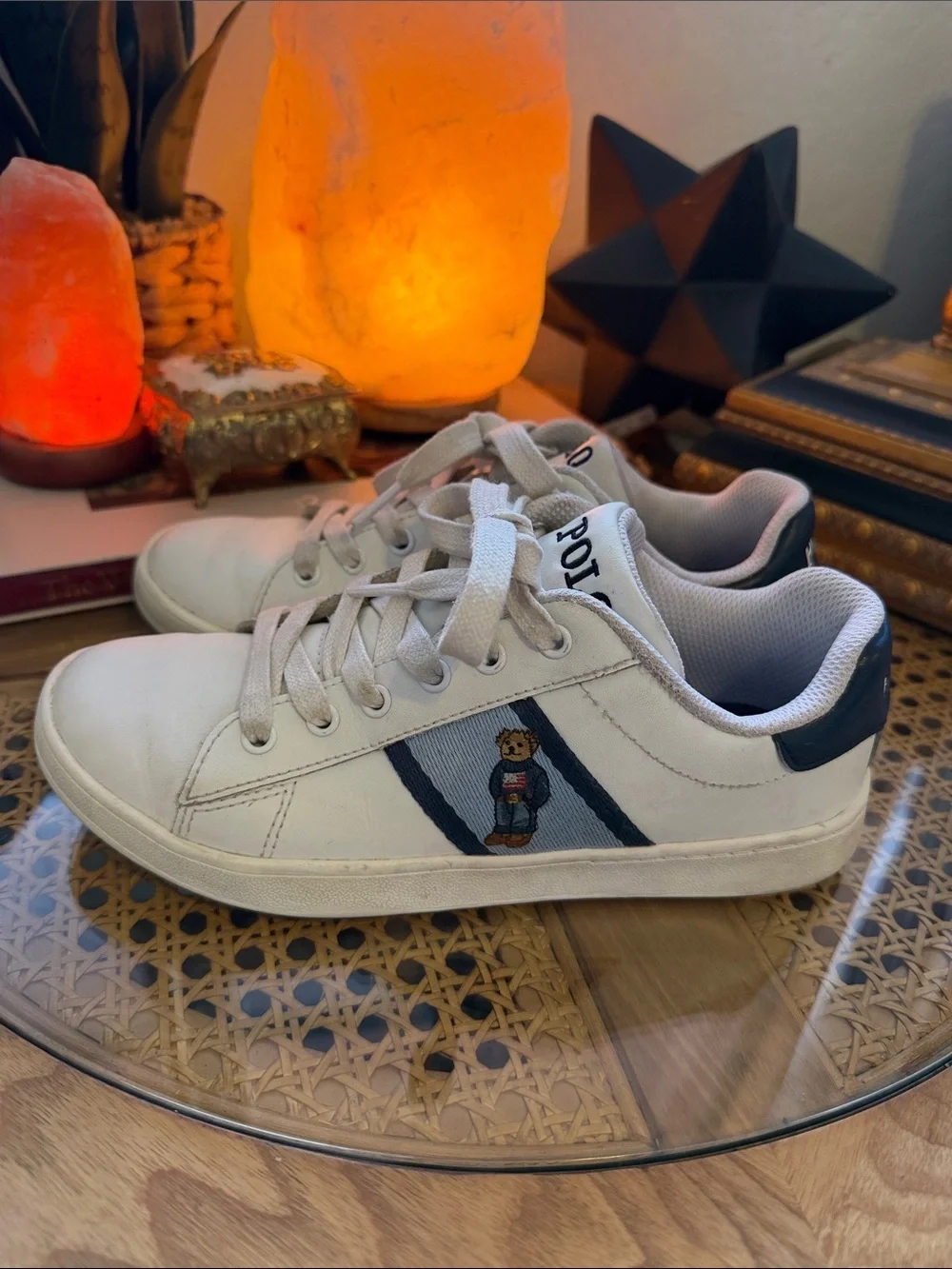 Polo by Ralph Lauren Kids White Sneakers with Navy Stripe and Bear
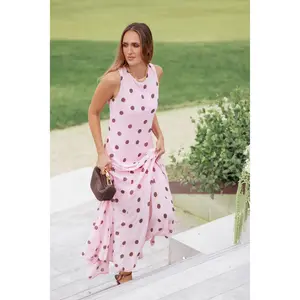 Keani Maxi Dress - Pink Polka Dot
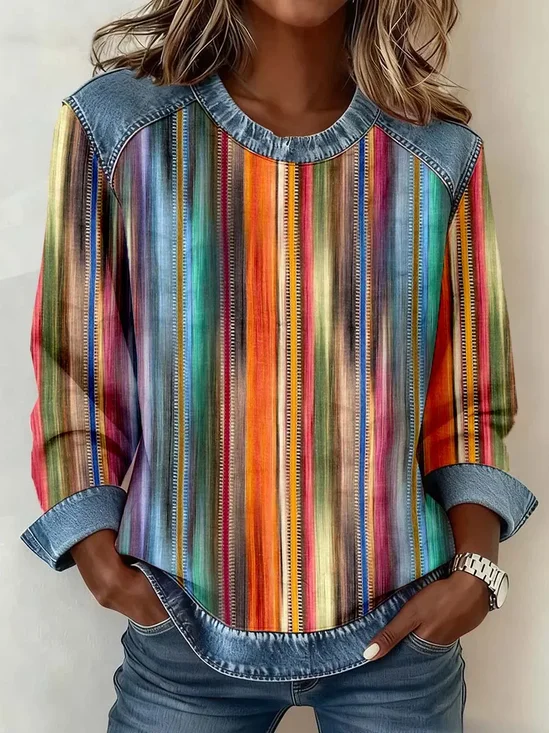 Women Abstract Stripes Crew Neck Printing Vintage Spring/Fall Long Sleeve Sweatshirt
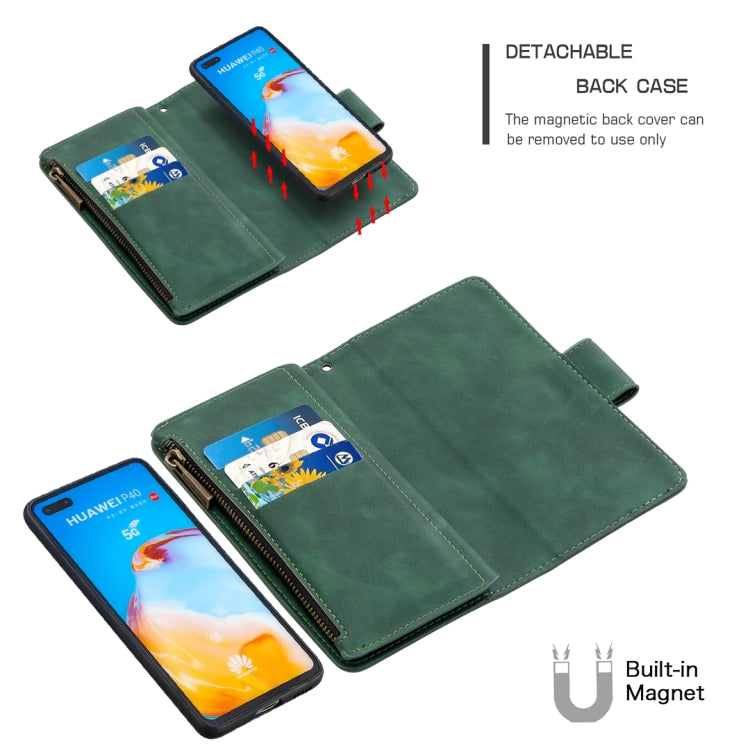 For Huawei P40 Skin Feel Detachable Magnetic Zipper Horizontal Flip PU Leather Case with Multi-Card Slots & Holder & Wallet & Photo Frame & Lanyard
==
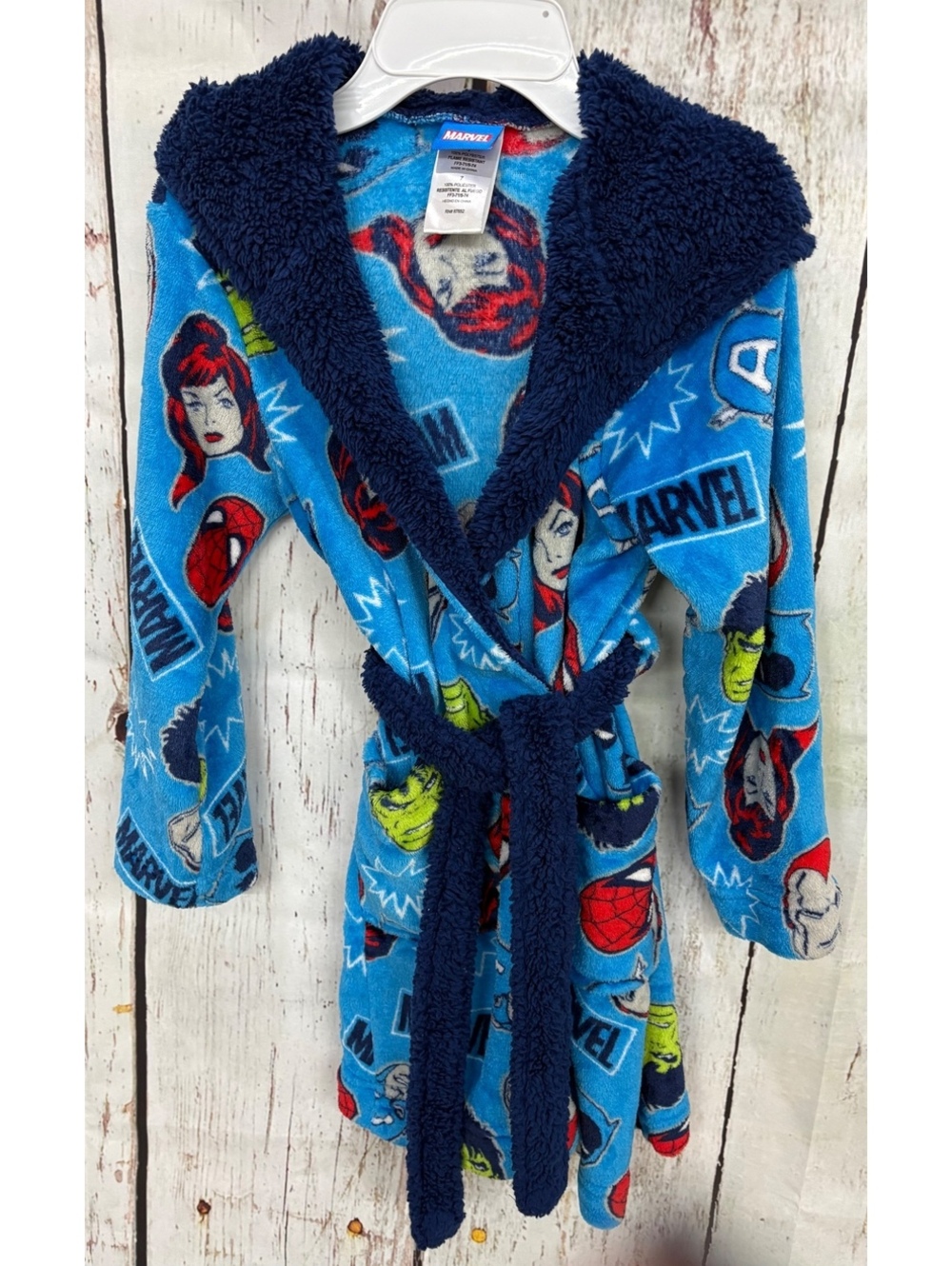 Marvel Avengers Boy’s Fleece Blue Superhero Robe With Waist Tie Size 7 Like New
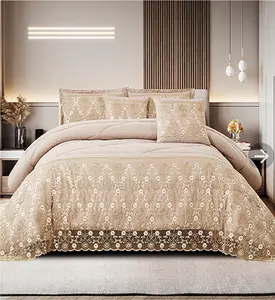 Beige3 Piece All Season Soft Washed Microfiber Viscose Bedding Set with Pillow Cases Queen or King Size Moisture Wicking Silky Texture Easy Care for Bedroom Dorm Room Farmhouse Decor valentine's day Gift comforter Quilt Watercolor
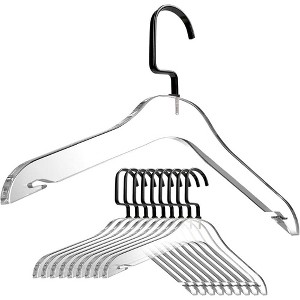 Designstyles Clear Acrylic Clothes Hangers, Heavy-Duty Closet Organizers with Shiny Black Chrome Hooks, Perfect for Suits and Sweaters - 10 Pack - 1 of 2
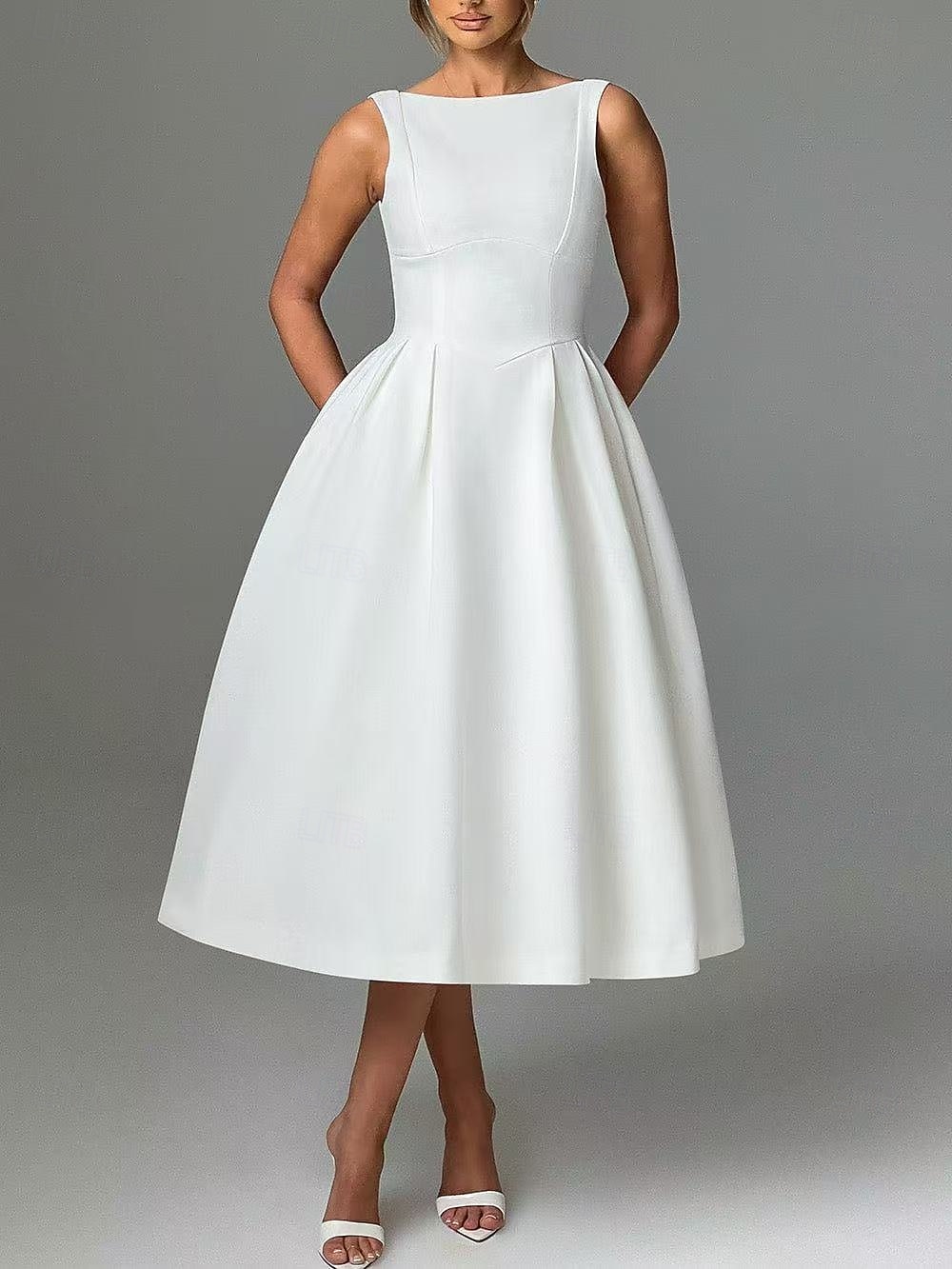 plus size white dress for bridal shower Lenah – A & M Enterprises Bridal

## Exercise objective
Taking the entries above, extract every line from the one bearing "Designstyles Clear Acrylic" through the one bearing "plus size white", exactly, with no pictures.

## Result below
 Designstyles Clear Acrylic Clothes Hangers, Heavy-Duty Closet Organizers with Shiny Black Chrome Hooks, Perfect for Suits and Sweaters - 10 Pack - 1 of 2
 plus size white dress for bridal shower Lenah – A & M Enterprises Bridal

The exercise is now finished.